Numerical simulations of energy relaxation in molybdenum thin films upon irradiation by femtosecond and picosecond laser pulses Текст научной статьи по специальности «Физика»

LM-PS-1

Numerical simulations of energy relaxation in molybdenum thin films upon irradiation by femtosecond and picosecond laser pulses

K. Hlinomaz1,2, Y. Levy1, T.J. Y. Derrien1, N.M. Bulgakova1

1HiLASE Centre, Institute of Physics of the Czech Academy of Sciences, Dolni Brezany, Czech Republic

2Faculty of Nuclear Sciences and Physical Engineering, Czech Technical University in Prague, Department of Physical Electronics, Praha, Czech Republic

Laser processing of thin films can be employed in electronic component manufacturing and in photovoltaics [1]. However, the control of the process remains delicate due to the high number of phenomena that are taking place in the film. These are dependent on the film thickness, on the choice of substrate, and on the laser wavelength, energy and pulse duration. In addition, several modifications mechanisms can play a role in the modification of the film and/or of the substrate via oxidation [2], melting, ablation via phase explosion [3, 4] or spallation [5]. As a result, both optical and thermal phenomena are contributing to dynamics of the energy absorption, an interplay that can be addressed by numerical modeling. In particular, subtle effects such as transient change of optical properties, rapid electron excitation, thickness-dependent electron-phonon collision rate [6], and stress generation can induce important macroscopic consequences. In view of achieving a better control of laser modification of thin films, more efforts are required in the development of theoretical and numerical descriptions.

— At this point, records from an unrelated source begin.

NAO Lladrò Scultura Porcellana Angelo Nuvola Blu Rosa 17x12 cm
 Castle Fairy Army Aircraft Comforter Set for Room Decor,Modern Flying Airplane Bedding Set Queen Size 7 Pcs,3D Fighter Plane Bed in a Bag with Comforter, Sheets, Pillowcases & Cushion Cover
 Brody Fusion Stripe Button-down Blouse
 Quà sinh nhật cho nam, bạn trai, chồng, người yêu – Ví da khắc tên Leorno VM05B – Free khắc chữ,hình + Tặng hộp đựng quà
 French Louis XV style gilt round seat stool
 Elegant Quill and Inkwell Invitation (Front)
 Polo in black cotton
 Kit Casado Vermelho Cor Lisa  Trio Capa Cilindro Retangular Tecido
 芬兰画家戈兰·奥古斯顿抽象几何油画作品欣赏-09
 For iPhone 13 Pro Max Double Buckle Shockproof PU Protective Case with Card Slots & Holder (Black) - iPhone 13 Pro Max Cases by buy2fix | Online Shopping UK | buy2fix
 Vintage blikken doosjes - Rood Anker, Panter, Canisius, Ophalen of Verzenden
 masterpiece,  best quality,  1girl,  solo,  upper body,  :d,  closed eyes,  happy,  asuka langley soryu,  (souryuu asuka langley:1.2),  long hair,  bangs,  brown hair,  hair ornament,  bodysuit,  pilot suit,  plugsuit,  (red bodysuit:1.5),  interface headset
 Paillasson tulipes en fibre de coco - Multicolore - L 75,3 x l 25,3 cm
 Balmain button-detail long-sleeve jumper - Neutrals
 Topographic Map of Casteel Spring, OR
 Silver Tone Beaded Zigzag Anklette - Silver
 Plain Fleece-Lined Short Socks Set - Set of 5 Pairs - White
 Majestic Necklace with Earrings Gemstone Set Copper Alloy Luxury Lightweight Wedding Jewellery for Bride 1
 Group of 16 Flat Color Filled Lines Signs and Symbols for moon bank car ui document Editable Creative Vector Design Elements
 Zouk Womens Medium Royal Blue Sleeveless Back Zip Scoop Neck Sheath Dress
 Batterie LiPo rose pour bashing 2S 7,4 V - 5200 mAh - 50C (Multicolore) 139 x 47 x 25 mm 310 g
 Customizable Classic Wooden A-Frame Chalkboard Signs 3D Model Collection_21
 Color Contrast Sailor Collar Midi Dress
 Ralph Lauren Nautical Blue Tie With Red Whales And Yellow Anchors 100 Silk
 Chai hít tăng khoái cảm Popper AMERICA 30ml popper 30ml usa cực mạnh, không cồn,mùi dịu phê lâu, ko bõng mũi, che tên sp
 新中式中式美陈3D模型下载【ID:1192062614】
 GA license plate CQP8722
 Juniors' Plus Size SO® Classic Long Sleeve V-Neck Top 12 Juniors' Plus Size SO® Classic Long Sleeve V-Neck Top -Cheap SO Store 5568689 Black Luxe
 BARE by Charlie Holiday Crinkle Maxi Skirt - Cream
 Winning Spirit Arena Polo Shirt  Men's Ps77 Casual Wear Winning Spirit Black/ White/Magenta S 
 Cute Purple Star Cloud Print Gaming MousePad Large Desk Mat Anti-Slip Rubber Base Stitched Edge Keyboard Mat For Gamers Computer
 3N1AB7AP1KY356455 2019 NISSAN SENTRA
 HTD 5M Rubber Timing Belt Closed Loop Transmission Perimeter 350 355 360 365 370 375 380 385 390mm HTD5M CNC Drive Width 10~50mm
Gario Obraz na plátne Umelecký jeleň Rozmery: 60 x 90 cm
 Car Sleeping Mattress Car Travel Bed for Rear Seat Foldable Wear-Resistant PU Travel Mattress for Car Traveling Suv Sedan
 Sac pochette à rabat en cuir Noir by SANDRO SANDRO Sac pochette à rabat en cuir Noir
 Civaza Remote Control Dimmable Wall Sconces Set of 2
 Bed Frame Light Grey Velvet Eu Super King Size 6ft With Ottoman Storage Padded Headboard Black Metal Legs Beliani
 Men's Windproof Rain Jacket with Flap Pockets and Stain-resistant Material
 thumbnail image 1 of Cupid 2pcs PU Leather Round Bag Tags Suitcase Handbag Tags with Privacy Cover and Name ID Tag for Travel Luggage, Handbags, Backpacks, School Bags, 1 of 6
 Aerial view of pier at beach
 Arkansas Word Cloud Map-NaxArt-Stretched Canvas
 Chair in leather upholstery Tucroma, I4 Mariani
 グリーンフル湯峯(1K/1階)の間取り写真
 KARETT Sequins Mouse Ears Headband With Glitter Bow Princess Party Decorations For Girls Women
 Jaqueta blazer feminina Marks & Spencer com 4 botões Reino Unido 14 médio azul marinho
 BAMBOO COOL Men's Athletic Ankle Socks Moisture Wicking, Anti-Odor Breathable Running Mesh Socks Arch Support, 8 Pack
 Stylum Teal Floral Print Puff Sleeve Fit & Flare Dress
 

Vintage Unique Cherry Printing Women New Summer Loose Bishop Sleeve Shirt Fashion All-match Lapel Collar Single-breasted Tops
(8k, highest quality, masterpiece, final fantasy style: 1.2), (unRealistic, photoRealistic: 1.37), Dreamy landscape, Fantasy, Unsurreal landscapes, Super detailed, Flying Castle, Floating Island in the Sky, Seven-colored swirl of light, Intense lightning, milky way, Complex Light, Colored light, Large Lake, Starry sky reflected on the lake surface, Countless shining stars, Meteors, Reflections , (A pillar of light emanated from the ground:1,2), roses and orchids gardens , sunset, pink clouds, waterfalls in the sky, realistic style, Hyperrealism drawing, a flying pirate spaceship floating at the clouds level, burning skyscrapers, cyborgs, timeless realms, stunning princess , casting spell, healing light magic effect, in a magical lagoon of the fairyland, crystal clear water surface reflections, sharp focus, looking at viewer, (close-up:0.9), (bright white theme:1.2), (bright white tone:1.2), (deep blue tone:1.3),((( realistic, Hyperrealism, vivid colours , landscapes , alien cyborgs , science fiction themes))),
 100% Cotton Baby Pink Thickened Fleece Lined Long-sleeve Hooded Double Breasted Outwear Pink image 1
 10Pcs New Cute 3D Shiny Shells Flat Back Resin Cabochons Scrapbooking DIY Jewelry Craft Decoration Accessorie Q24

In this work, we investigate the energy absorption and subsequent melting of a thin film of molybdenum in contact with a substrate via numerical simulations. The role of the fused silica (resp. soda-lime glass) substrates was investigated for irradiation using short laser pulses of 200 fs (resp. 10 ps) duration. For this purpose a numerical code based on two-temperature model (TTM) was developed. After ensuring the energy conservation of the numerical solver, melting threshold fluences were computed and compared with experimental data on femtosecond and picosecond irradiation [7, 8]. The numerical results well repeated the experimental literature, and enable the possibility to perform further predictions. In addition, the applicability of the thin-film reflectivity model to the case of metals will be discussed.

References

[1] J. Bovatsek et al., Thin Solid Films 518, 2897-2904 (2010).

[2] A. V. Dostovalov et al., Appl. Surf. Sci. 491, 650-658 (2019).

[3] N. M. Bulgakova, A. V. Bulgakov, Appl. Phys. A, 73, 199-208 (2001).

[4] M. V. Shugaev et al., in Advances in the Application of Lasers in Materials Science, Springer, 274, 107-148 (2018).

[5] C. Wu, L. V. Zhigilei, Appl. Phys. A, 114, 11-32 (2014).

[6] K. Sokolowski-Tinten et al., New J. Phys. 17, 113047 (2015).

[7] S.-S. Wellershoff et al., Appl. Phys. A 69, S99-S107 (1999).

[8] M. Domke et al, Phys. Proc. 56, 1007-1014 (2014).